* _What needs to be done_
Write out all the entries word for word, but skip any images.

* _Task input_
*** Block opens ***

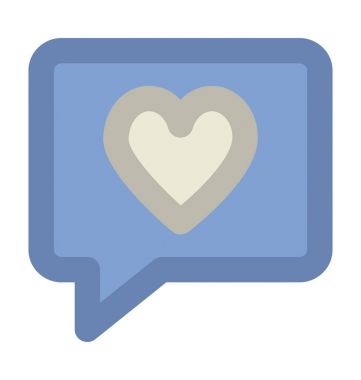 Aşk sohbet düz vektör simgesi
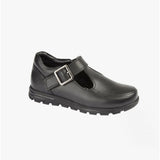 Roamers G716A Girls T-Bar School Shoes Black
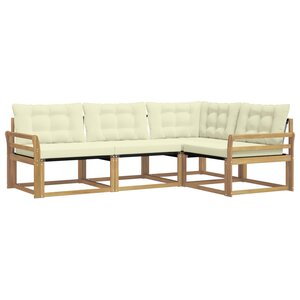 vidaXL Ensemble de canapés d'extérieur 4 pc Blanc et crème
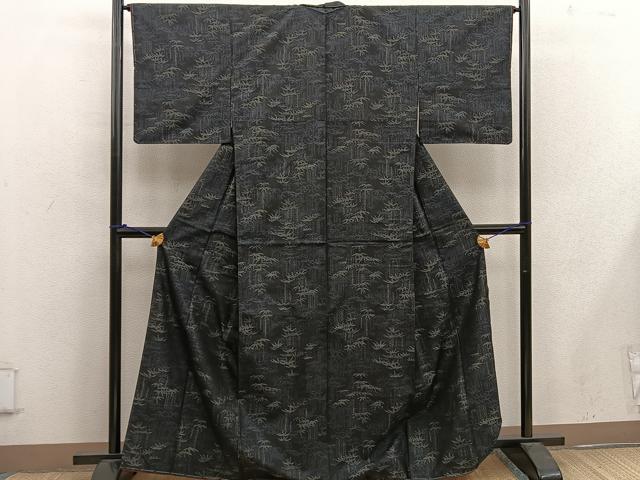 平和屋着物■本場大島紬 草葉文 正絹 逸品 未使用 BAAW6916mz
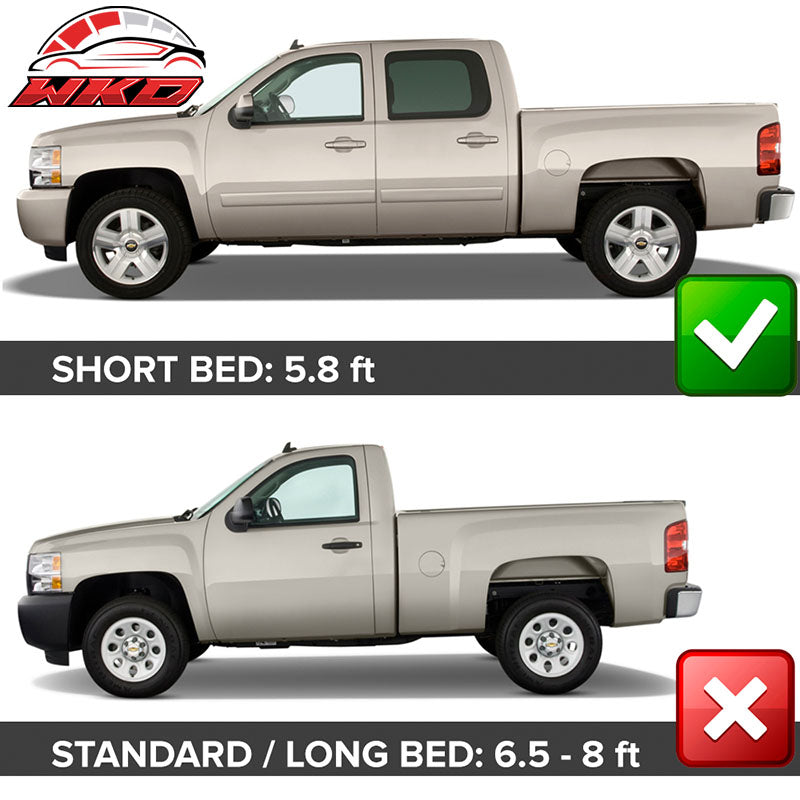 Fit 07-13 Silverado 1500 69.3" Short Bed Pocket Rivet Textured Fender Flares 4PC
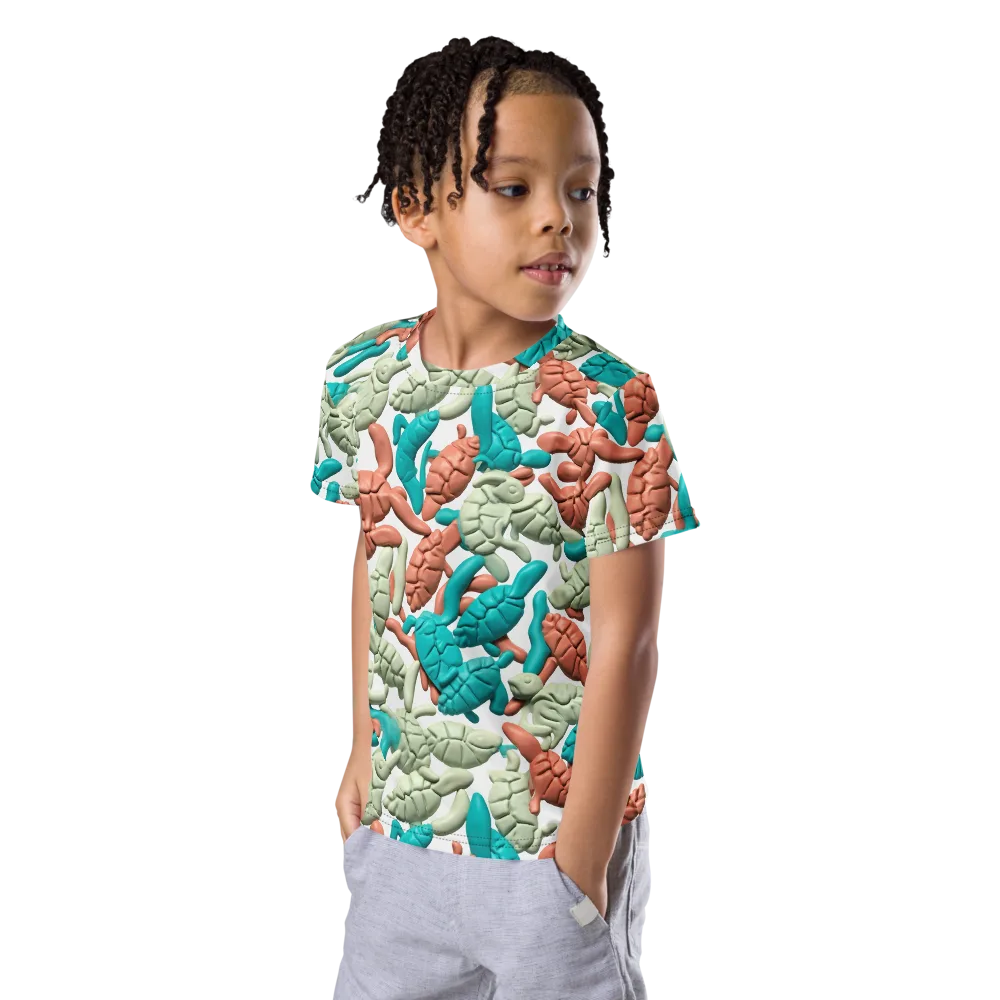 Coral Crustacean on Kids Crew Neck T-Shirt — Left Front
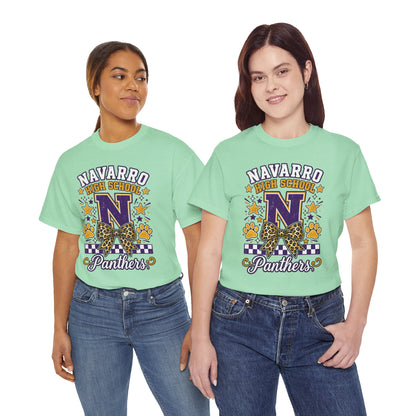 Navarro Panthers High School Tee — 'N' Leopard Ribbon Paw Print Design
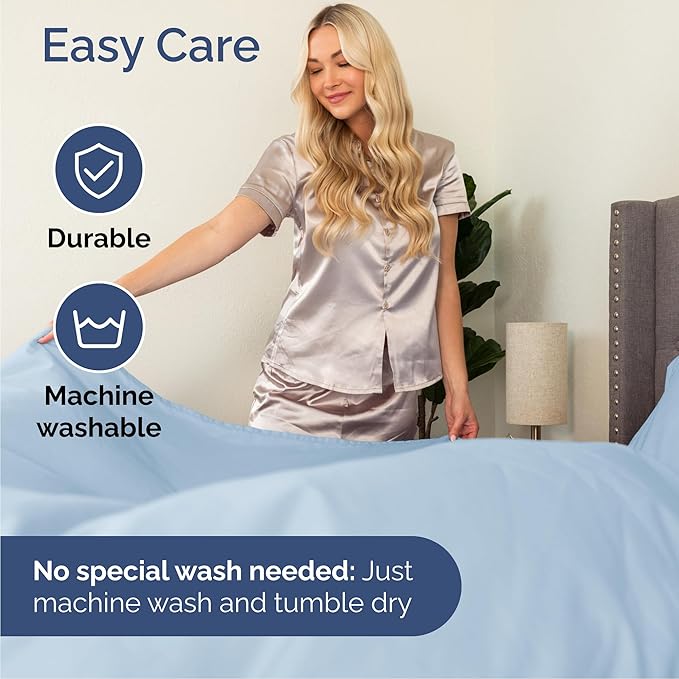 Cal King 6 Piece Sheet Set - Cooling, Comfy & Breathable - Hotel Luxury Bedding, Includes Fitted Sheet for Women, Men, Kids & Teens - 1 Flat, 1 Fitted Sheet, 4 Pillowcases w/Deep Pockets - Sky Blue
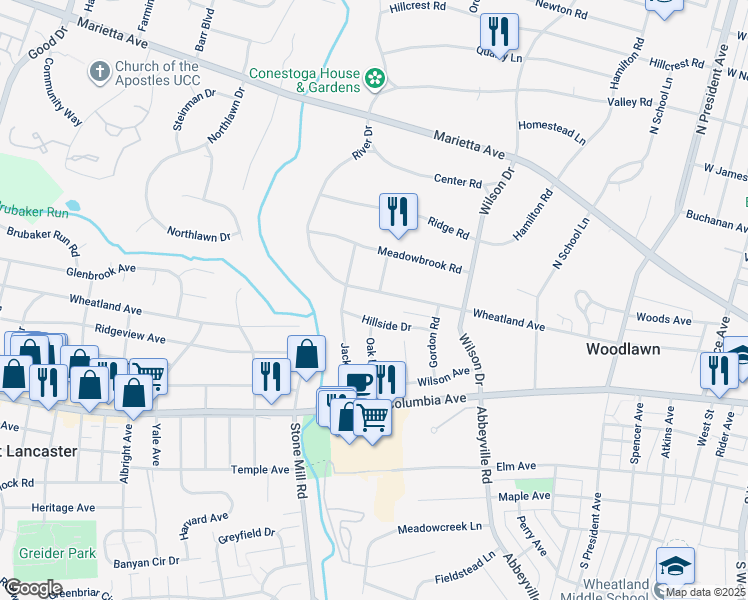map of restaurants, bars, coffee shops, grocery stores, and more near 1302 Wheatland Avenue in Lancaster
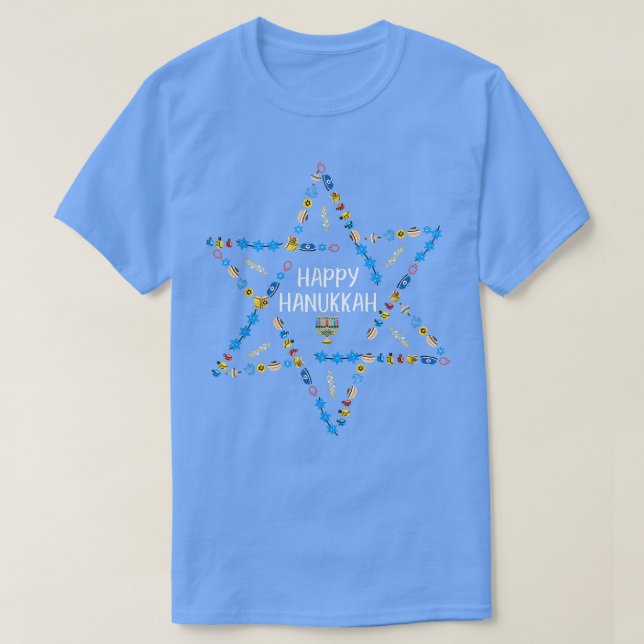 Happy Hanukkah Star Of David Menorah Jewish Chanuk T-Shirt (Design Front)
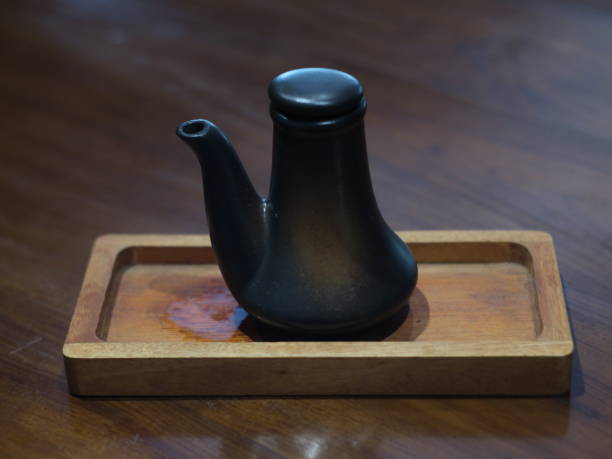istock Japanese soy sauce ceramic teapot on wood table. 2032172645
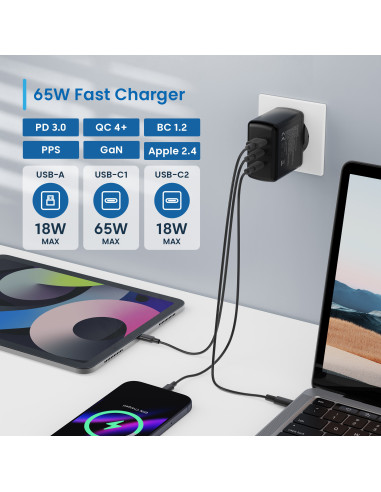 EWENT USB GAN AC charger 65W, 2xUSB-C 65W PD3.0 + 1xUSB-A QC3.0 x4prot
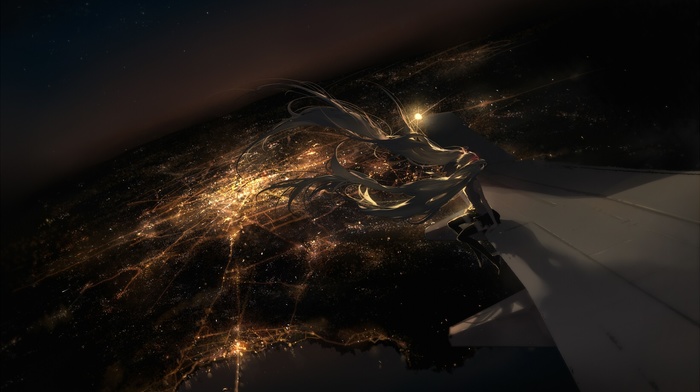 landscape, night, Hatsune Miku
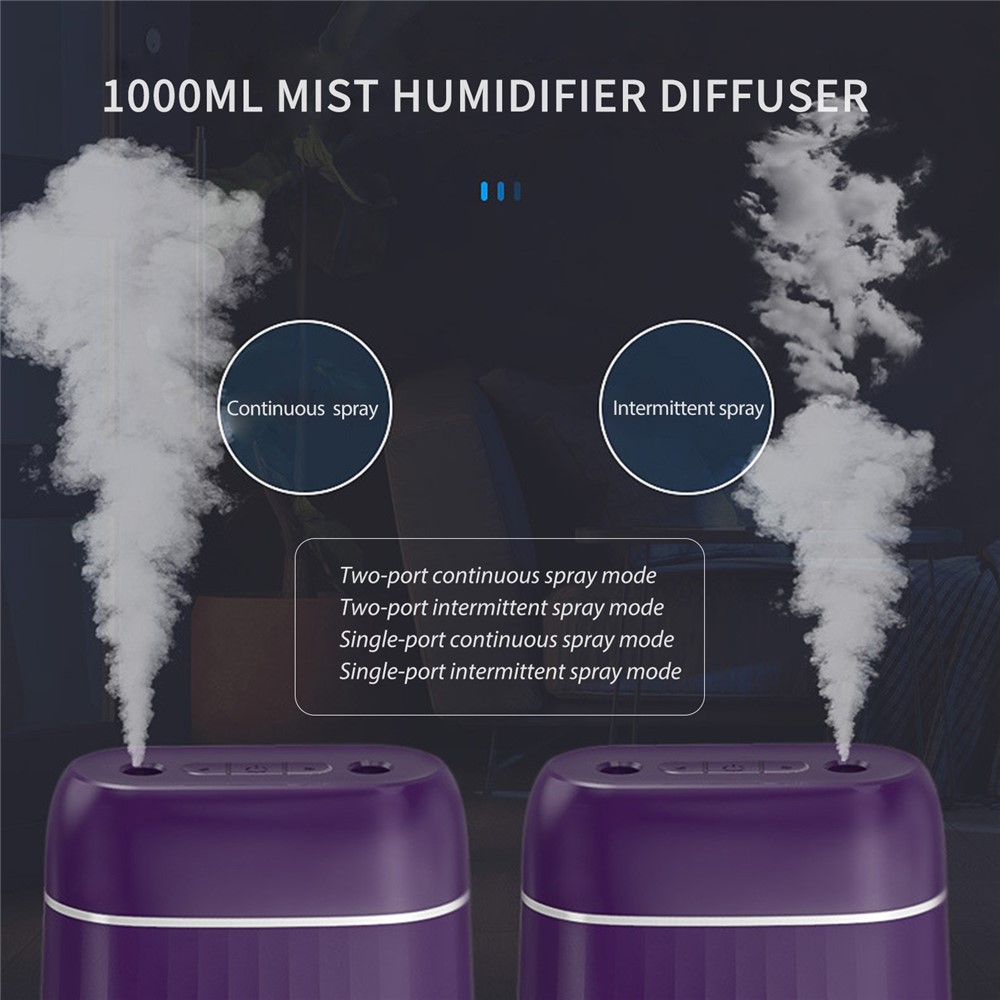 Mist Humidifier 1000ml Dual Spouts Cold LED Night Light Silent Home Humidifier Diffuser - Pink-5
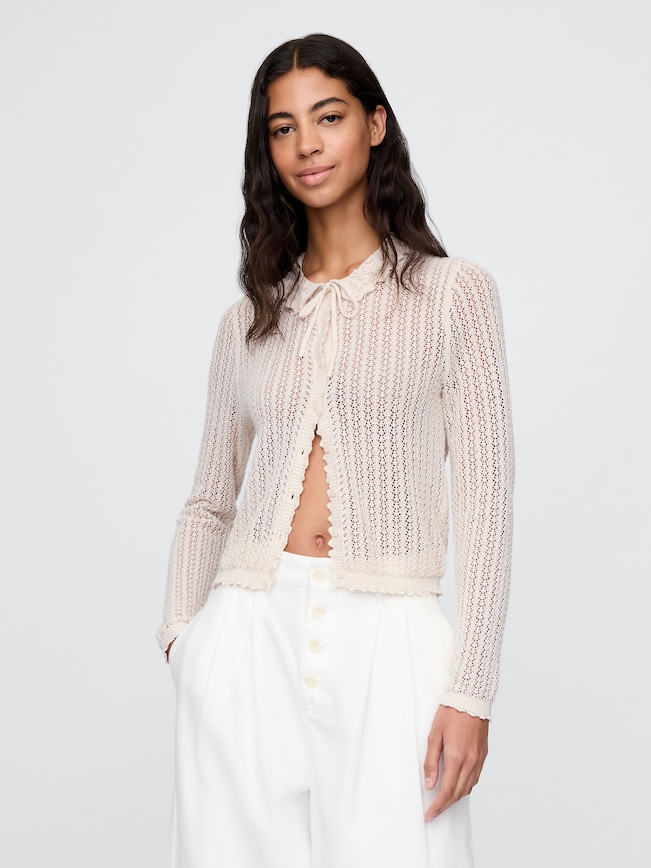 Gap × DÔEN Linen-Blend Pointelle Cardigan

*** Block closes ***

* _Solution for this task_
 Aşk sohbet düz vektör simgesi
 Roamers G716A Girls T-Bar School Shoes Black
 vidaXL Ensemble de canapés d'extérieur 4 pc Blanc et crème
 平和屋着物■本場大島紬 草葉文 正絹 逸品 未使用 BAAW6916mz
 Fit 07-13 Silverado 1500 69.3" Short Bed Pocket Rivet Textured Fender Flares 4PC
 Coral Crustacean on Kids Crew Neck T-Shirt — Left Front
 Navarro Panthers High School Tee — 'N' Leopard Ribbon Paw Print Design
 Cal King 6 Piece Sheet Set - Cooling, Comfy & Breathable - Hotel Luxury Bedding, Includes Fitted Sheet for Women, Men, Kids & Teens - 1 Flat, 1 Fitted Sheet, 4 Pillowcases w/Deep Pockets - Sky Blue
map of restaurants, bars, coffee shops, grocery stores, and more near 1302 Wheatland Avenue in Lancaster
 Happy Hanukkah Star Of David Menorah Jewish Chanuk T-Shirt (Design Front)
istock Japanese soy sauce ceramic teapot on wood table. 2032172645
 EWENT USB GAN AC charger 65W, 2xUSB-C 65W PD3.0 + 1xUSB-A QC3.0 x4prot
 landscape, night, Hatsune Miku
 Mist Humidifier 1000ml Dual Spouts Cold LED Night Light Silent Home Humidifier Diffuser - Pink-5
 Gap × DÔEN Linen-Blend Pointelle Cardigan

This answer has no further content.